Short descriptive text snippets
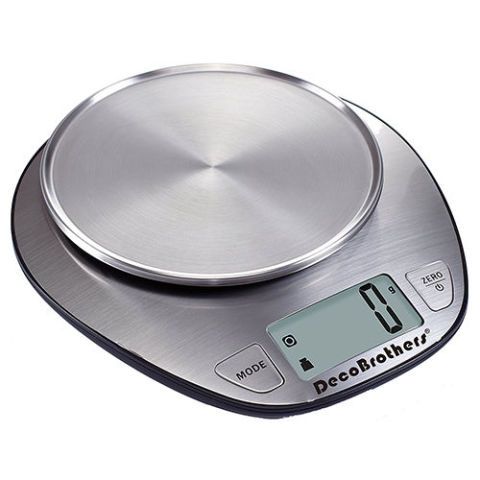 9 Best Kitchen Scales for Your Countertop 2018 - Reviews of Digital Kitchen  Food Scales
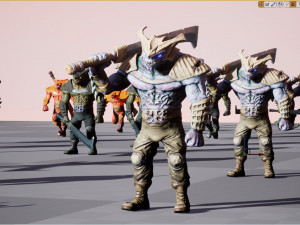 reptiledragonite 3D Model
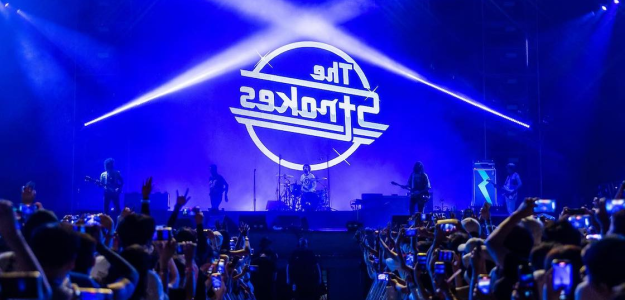 The Strokes anuncian gira mundial 2026 con parada en México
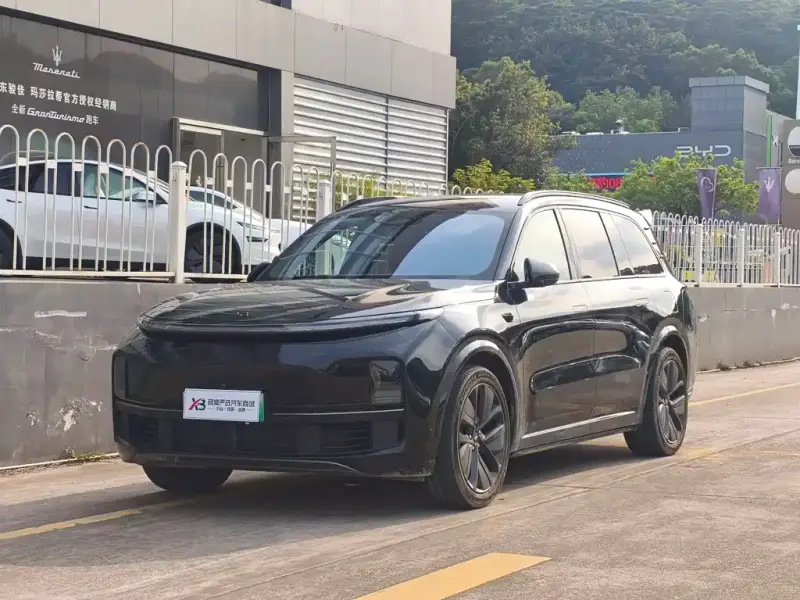 Li Auto L9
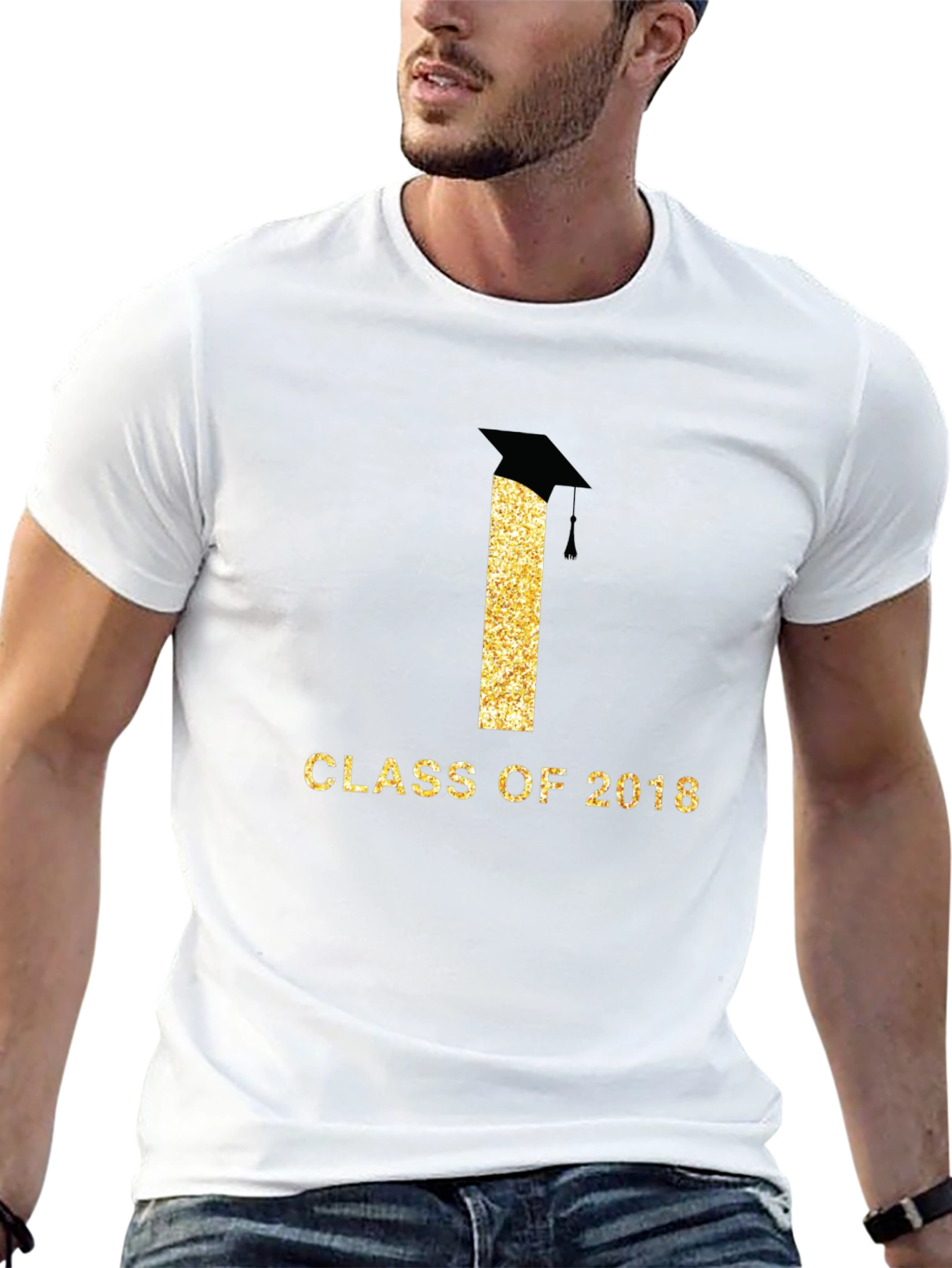 Class of 2018 Graduation T-Shirt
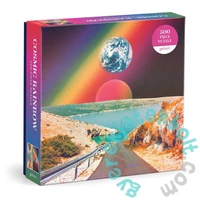 Galison 500 db-os puzzle - Cosmic Rainbow (81902)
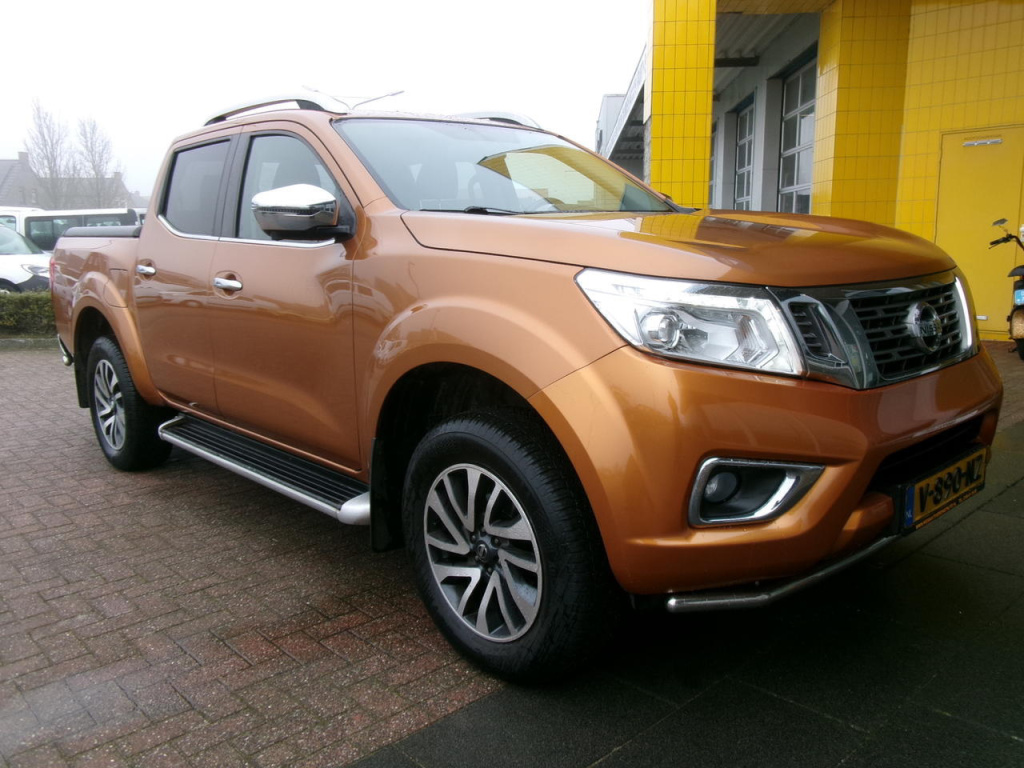 Nissan Navara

→ Task to carry out
Print the data above exactly, minus pictures.

→ Task response
 9 Best Kitchen Scales for Your Countertop 2018 - Reviews of Digital Kitchen  Food Scales
 reptiledragonite 3D Model
 The Strokes anuncian gira mundial 2026 con parada en México
 Li Auto L9
 Class of 2018 Graduation T-Shirt
 Galison 500 db-os puzzle - Cosmic Rainbow (81902)
 Nissan Navara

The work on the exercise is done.